PJM Operating Committee Briefs: May 1, 2018
Gens Get Commercial Realities into Gen Transfer Processes
The PJM Operating Committee unanimously approved revisions to Manual 14D to tighten the notification rules for transferring the ownership of generation units.

VALLEY FORGE, Pa. — The PJM Operating Committee last week unanimously approved revisions to Manual 14D to tighten the notification rules for transferring the ownership of generation units.

Generation owners and PJM staff hammered out the language over the past month after owners expressed concerns over an earlier proposal. (See “Gen Transfer Vote Postponed,” PJM Operating Committee Briefs: April 3, 2018.)

Stakeholders consider revisions to PJM procedures at last week’s Operating Committee meeting. | © RTO Insider

PJM’s Rebecca Stadelmeyer presented the revised proposal, which sets deadlines on how long prior to the sale the buyer and seller must provide the RTO with certain information. Sellers must now simultaneously provide PJM with the application they submit to FERC to change ownership, which starts a clock on several other submissions.

At least five days before closing on the sale, sellers must provide PJM with information including the name and W9 form of the buyer, and a list of its current officers.

GT Power Group’s Dave Pratzon, who organized generation owners’ engagement on the issue, said the result addresses owners’ concerns about commercial realities and the need for flexibility that earlier drafts did not.

Synch Reserve Changes

Endress | © RTO Insider

PJM’s Eric Endress presented proposed Manual 11 revisions that would change how the RTO estimates the synchronized reserve maximums for Tier 1 units. The revisions would set a unit’s maximum at the lesser of the economic maximum or synchronized reserve maximum, though an owner could submit a request for a synchronized reserve maximum less than the economic maximum if a physical limitation exists. The economic maximum can be updated intra-hour as necessary.

PJM is targeting a July 1 implementation of the changes.

Carl Johnson, who represents the PJM Public Power Coalition, was one of several stakeholders who voiced concerns about “moving the earth under our feet” while several other larger issues related to the topic are being debated in other stakeholder forums — notably the Energy Price Formation Senior Task Force and PJM’s initiative to increase grid resilience.

He acknowledged that the proposal “makes sense” but cautioned that “we may be changing this entirely.”

Pratzon asked staff to analyze how the different initiatives overlap because they could “benefit from better coordination.”

PJM’s Chris Pilong acknowledged the concern but urged stakeholders to “make sure we don’t just sit on our hands” and not implement a solution to the issue.
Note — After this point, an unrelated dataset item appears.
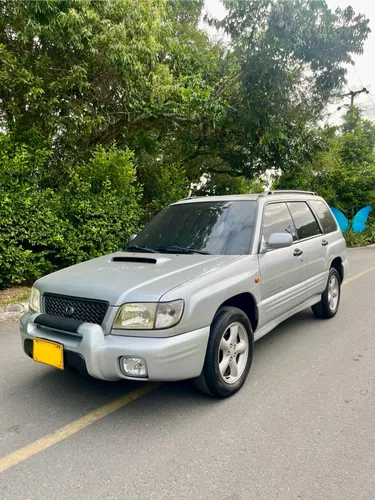 Subaru Forester XT MT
The RTO has been analyzing stakeholder concerns about significantly overestimated Tier 1 reserves. (See “Changing Tier 1 Reserve Estimates,” PJM Operating Committee Briefs: March 6, 2018.)

“In the interim, I think we still need to make sure that the reserves are accurate,” Pilong said.
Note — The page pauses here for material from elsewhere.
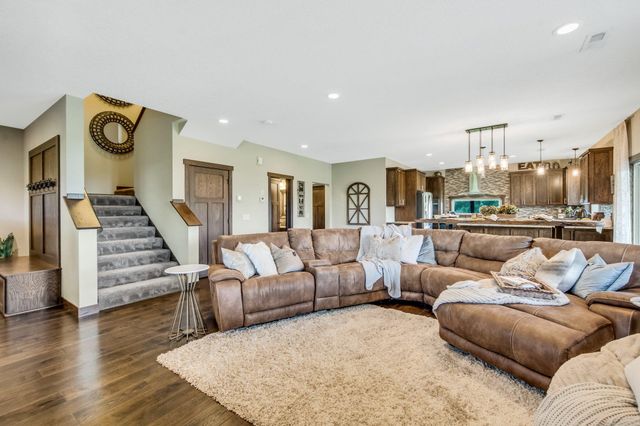 6699 313th Avenue NE, North Branch, MN 55056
PJM’s Eric Hsia confirmed that a “very limited amount of resources have a spin max greater than [its economic] max.” The RTO agreed to Johnson’s request to provide comparisons of units’ spin max versus economic max for all operating states, not just during synchronized reserve events.

Davis | © RTO Insider

Later in the meeting, PJM’s Becky Davis explained that the RTO uses the synch reserve ramp rates that units specify if they’re greater than specified energy ramp rates. However, generators aren’t required to provide either of those. If neither is specified, PJM uses the default ramp rate.

She noted an analysis of events over the past two years that showed 10% of units with synch reserve ramp rates greater than their energy ramp rates met or exceeded PJM’s Tier 1 estimate. The RTO contacted the other units to either remove the synch reserve ramp rates, match them with the energy ramp rates or justify why it should remain higher by submitting actual unit performance following a synch reserve event.
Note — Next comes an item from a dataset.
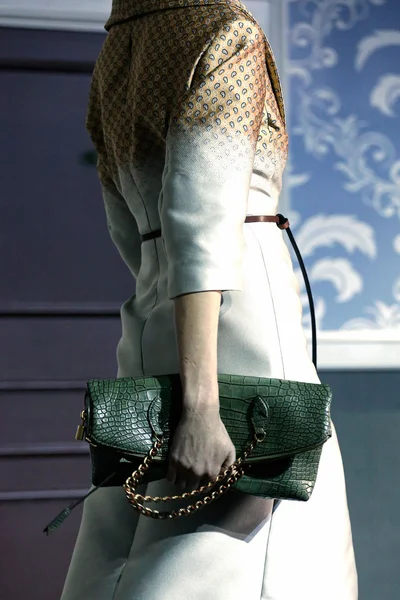 Look 52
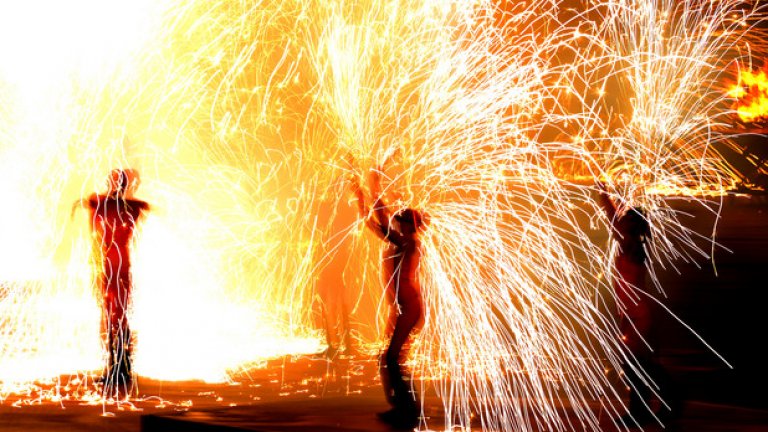 Огънят намери сериозно място в церемонията.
In response to a question from Pratzon, Davis said that most generators’ reserve rates match their energy rates.

Black Start Fuel Assurance

PJM’s David Schweizer presented proposed fuel-assurance requirements that will be required of black start units starting next year. The requirements would go into effect at the end of the year following the finalization of PJM’s current black start request for proposals and be in place for any incremental solicitations and the next RTO-wide RFP in 2023, he said.

Units would have to show one of the following:

  • Dual-fuel capability with onsite fuel storage for a 16-hour run-time at its rated black start output;
  • Onsite fuel storage for a 16-hour run-time at its rated black-start output for units that can store fuel, such as pumped hydro, batteries or oil;
  • Connection to multiple interstate gas pipelines with primary firm transportation contracts on at least two lines. This wouldn’t include local distribution company lines, which don’t offer firm service; and/or
  • That run-of-river hydro units can run at their black start rating for 16 hours.

Existing units would be entitled to a five-year transition plan starting in delivery year 2020/21. Units would be allowed to include the capital costs in the incremental black start capital cost component in their costs and would convert to the base formula rate after capital costs have been recovered.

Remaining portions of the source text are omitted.